Your answer must be an exact transcription of every record below, with the pictures omitted.

_____

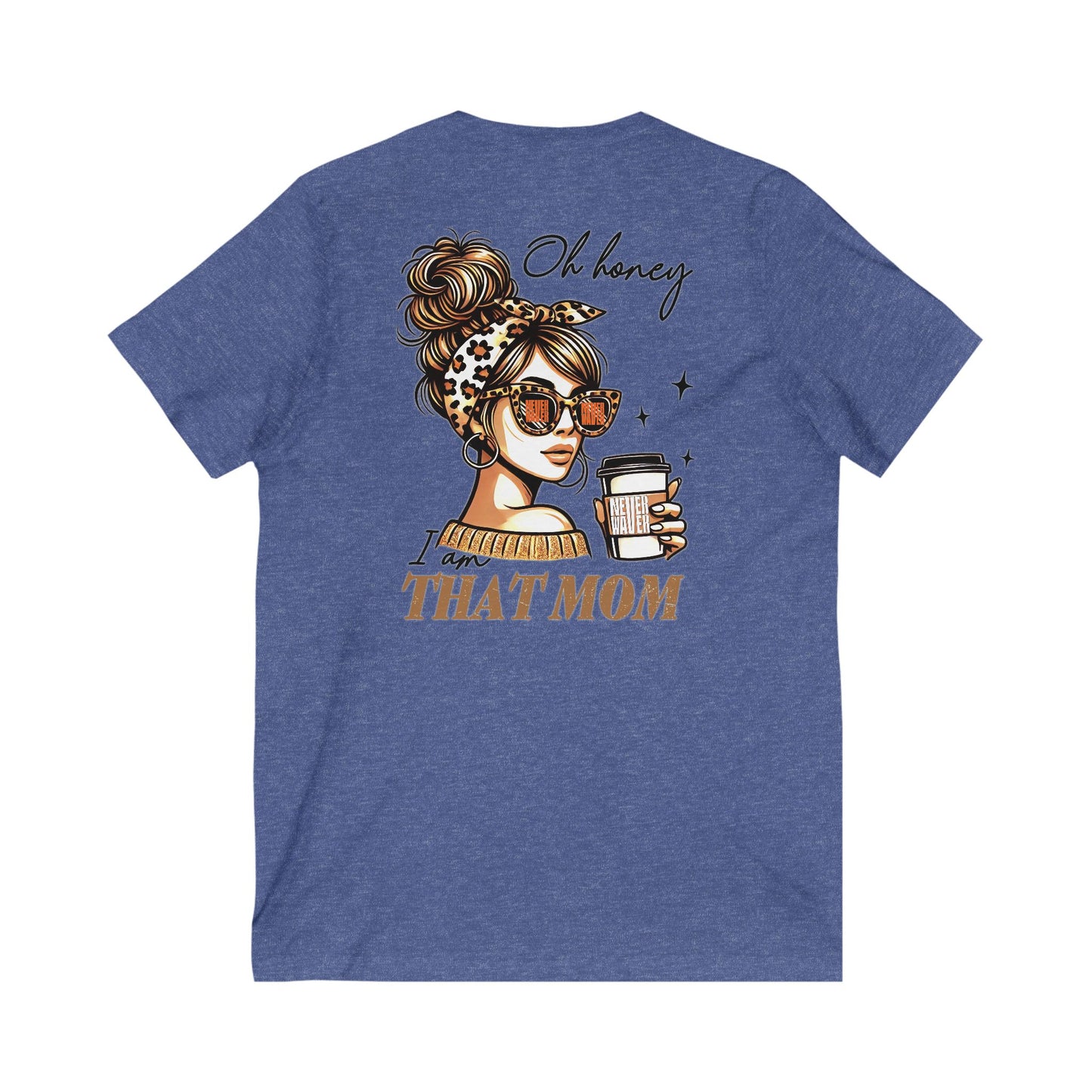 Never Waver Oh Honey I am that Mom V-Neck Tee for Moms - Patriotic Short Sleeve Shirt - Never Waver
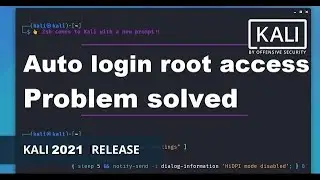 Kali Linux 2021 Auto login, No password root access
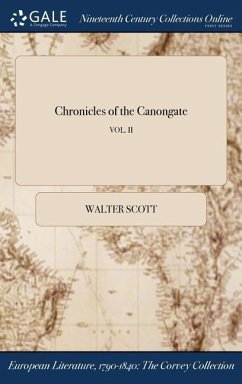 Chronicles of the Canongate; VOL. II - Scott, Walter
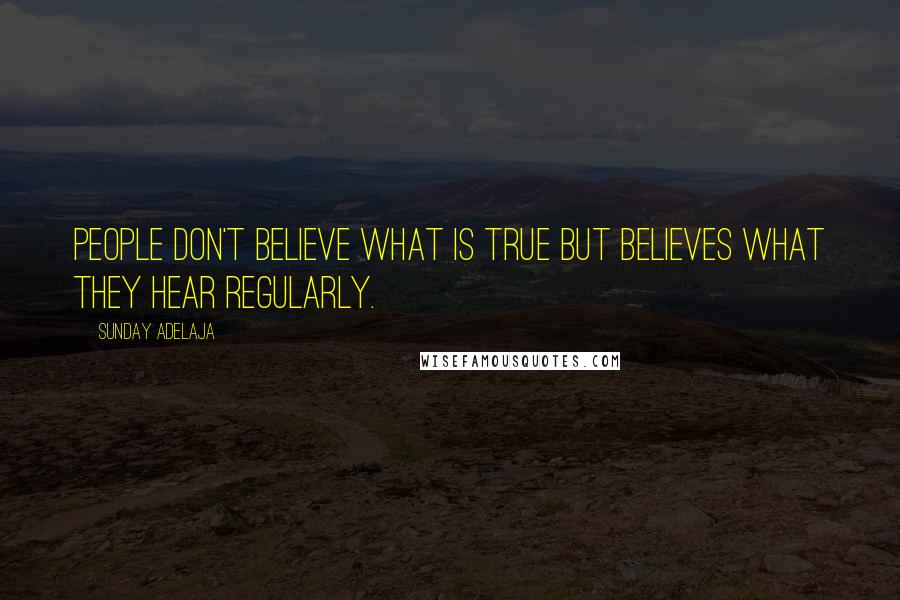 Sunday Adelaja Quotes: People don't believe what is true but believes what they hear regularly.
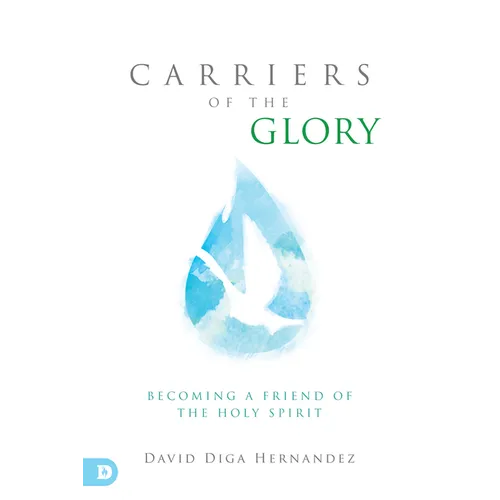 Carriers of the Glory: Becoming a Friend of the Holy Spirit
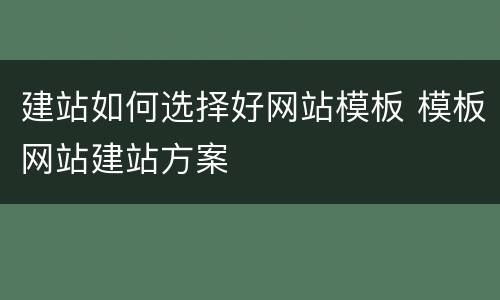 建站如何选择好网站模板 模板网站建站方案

_____

Output:
 Never Waver Oh Honey I am that Mom V-Neck Tee for Moms - Patriotic Short Sleeve Shirt - Never Waver
 Kali Linux 2021 Auto login, No password root access
 Chronicles of the Canongate; VOL. II - Scott, Walter
 Sunday Adelaja Quotes: People don't believe what is true but believes what they hear regularly.
 Carriers of the Glory: Becoming a Friend of the Holy Spirit
 建站如何选择好网站模板 模板网站建站方案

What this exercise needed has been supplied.